Nicolas LAPERRUQUE - Aujourd'hui à 07:04 - Temps de lecture :
On connaît tous quelqu’un qui a eu une mauvaise expérience avec une location de véhicule. Un de nos lecteurs, Xavier, nous a récemment écrit pour nous raconter son histoire : “J’ai loué un utilitaire pour un déménagement. Le loueur m’a fait faire un très rapide tour du véhicule à l’extérieur, avant de me remettre les clés. Une fois arrivé chez moi, quelques minutes après j’ai voulu ouvrir la porte latérale de chargement. Celle-ci est… tombée au sol ! Quand je suis revenu au supermarché qui m’avait loué le véhicule, on m’a répondu que j’avais signé l’état des lieux et que j’étais donc responsable”.
Des clauses abusives
Ces pratiques ne sont pas nouvelles. La justice a déjà jugé abusives ou illicites certaines clauses des conditions générales d’un grand loueur, à la suite d’une action de l’UFC-Que Choisir.
Cela n’empêche pas les clauses problématiques de continuer à se répandre dans les contrats des grandes enseignes de location de véhicules.

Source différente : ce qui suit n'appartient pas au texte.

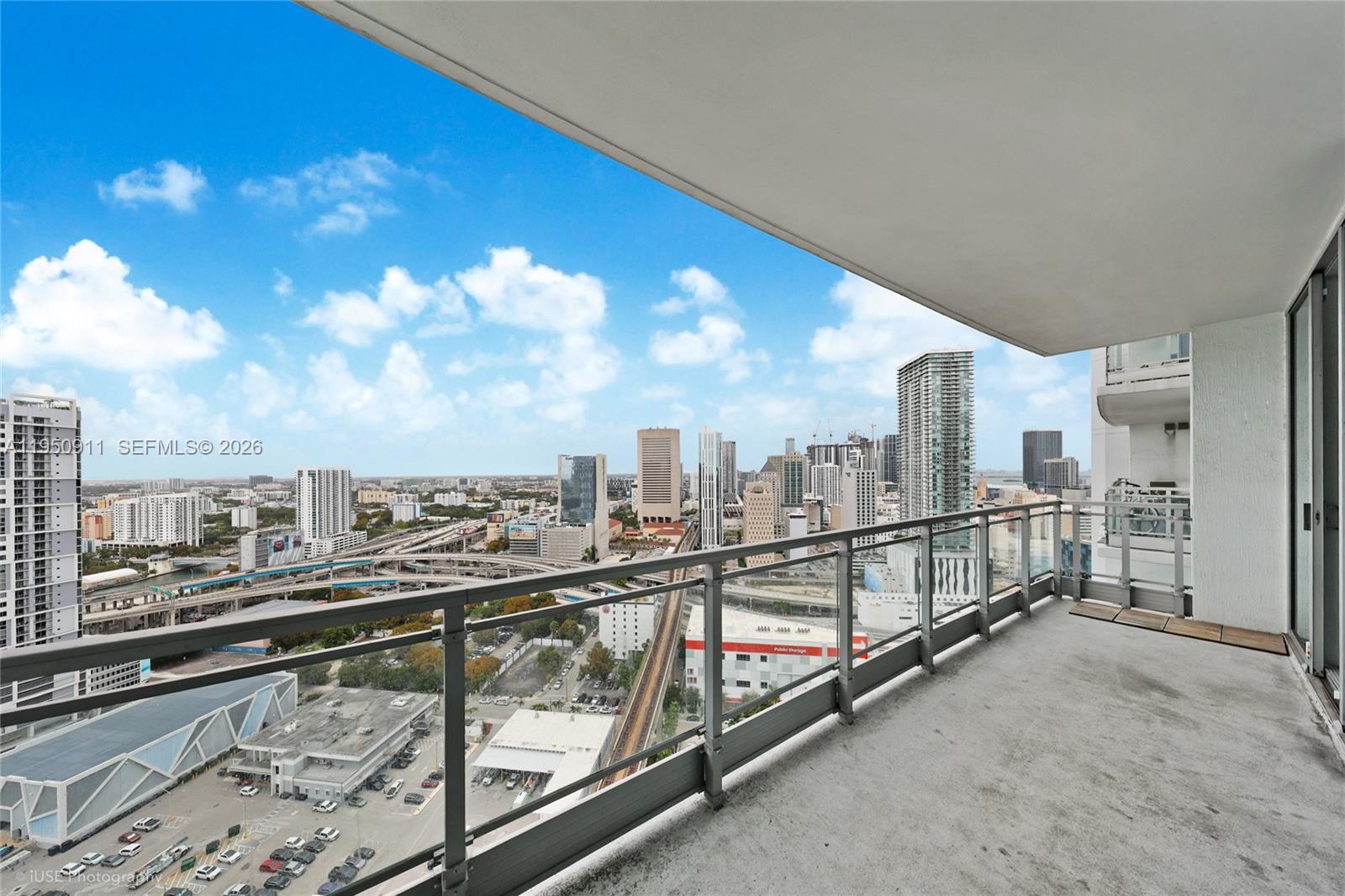 IVY CONDO - Residential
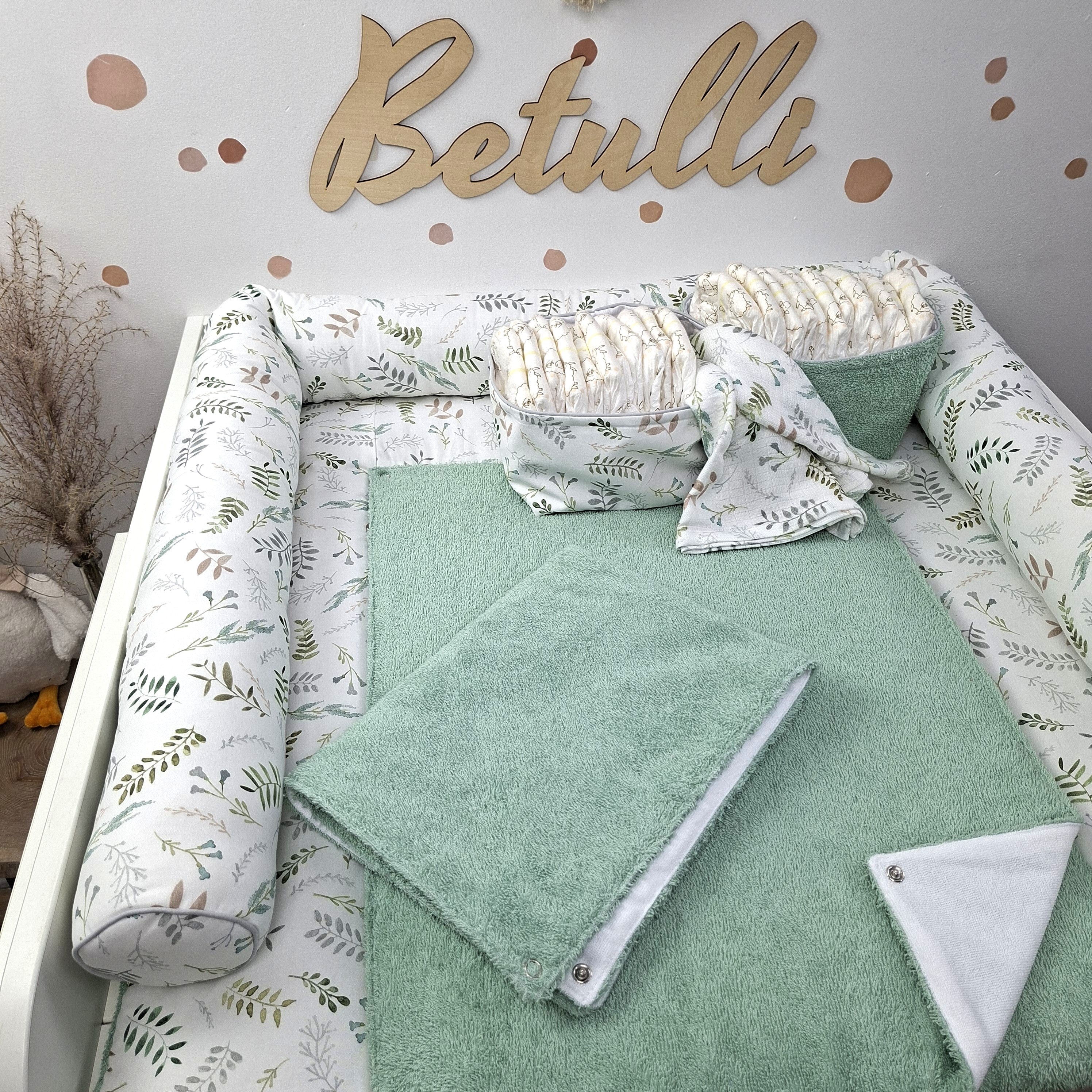 Wickelauflage mit wasserdichte abknöpfbare Auflage mit Druckknöpfen Floral Salbeigrün Frottee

Les très rares condamnations par la justice ne dissuadent pas les loueurs de tenter de vous rouler dans la farine.
Le piège des franchises multiples
Selon SereniTrip, les causes de ces clauses litigieuses sont multiples. Une des plus répandues est le concept des franchises multiples. Une franchise correspond à la somme qui reste à la charge du locataire en cas de sinistre. Ainsi, lorsqu’une franchise, par exemple, de 1 500 € est annoncée lors d’une location de voiture, le client s’attend légitimement à ce que son risque financier soit plafonné à ce montant. Malheureusement, ce n’est pas le cas.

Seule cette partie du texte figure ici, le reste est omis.